SiMO: Single-Modality-Operable Multimodal Collaborative Perception¶

Conference: ICLR 2026 arXiv: 2603.08240 Code: dempsey-wen/SiMO Area: Collaborative Perception / Multimodal Fusion / Autonomous Driving Keywords: collaborative perception, multimodal fusion, modality failure, BEV, 3D detection

TL;DR¶

This paper proposes SiMO, a framework that introduces the LAMMA fusion module and PAFR training strategy to achieve, for the first time in multi-agent collaborative perception, a multimodal perception system that remains operational under arbitrary modality absence—particularly when LiDAR fails and only cameras are available. The design is analogous to a parallel circuit: the system functions as long as at least one pathway is active.

Background & Motivation¶

Multi-Agent Collaborative Perception (MACP) extends the perceptual range and mitigates occlusion by sharing features across vehicles. However, existing multimodal methods behave like series circuits: the failure of any single sensor—especially LiDAR—causes complete system breakdown.

Root Cause of Modality Failure: Existing fusion methods (concat / CNN / Transformer) create a mismatch between the pre- and post-fusion feature spaces. When a modality is absent, the unfused unimodal features become incompatible with the downstream task heads designed for fused representations, causing system collapse.

Increased Complexity in Collaborative Settings: Unlike single-agent scenarios requiring only local alignment, MACP demands that features transmitted across agents (e.g., an ego vehicle using LiDAR while a neighbor uses only camera) reside in a unified semantic space for effective cross-agent interaction. Existing single-agent robustness methods cannot guarantee this cross-agent semantic consistency.
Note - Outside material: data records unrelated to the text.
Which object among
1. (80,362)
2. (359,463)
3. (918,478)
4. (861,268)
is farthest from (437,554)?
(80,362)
Overlooked Modality Competition: During joint multimodal training, modalities with higher information density for the target task (e.g., LiDAR for 3D detection) converge faster and dominate the optimization process, suppressing the adequate training of weaker modality branches (camera), which consequently cannot operate independently.

Limitations of Prior Work: Methods such as BM2CP, BEVFusion, and CoBEVFusion focus solely on improving accuracy through multimodal fusion while ignoring the standalone usability of the camera branch under LiDAR failure. MetaBEV and UniBEV explore modality robustness only in single-agent settings and do not generalize to multi-agent scenarios.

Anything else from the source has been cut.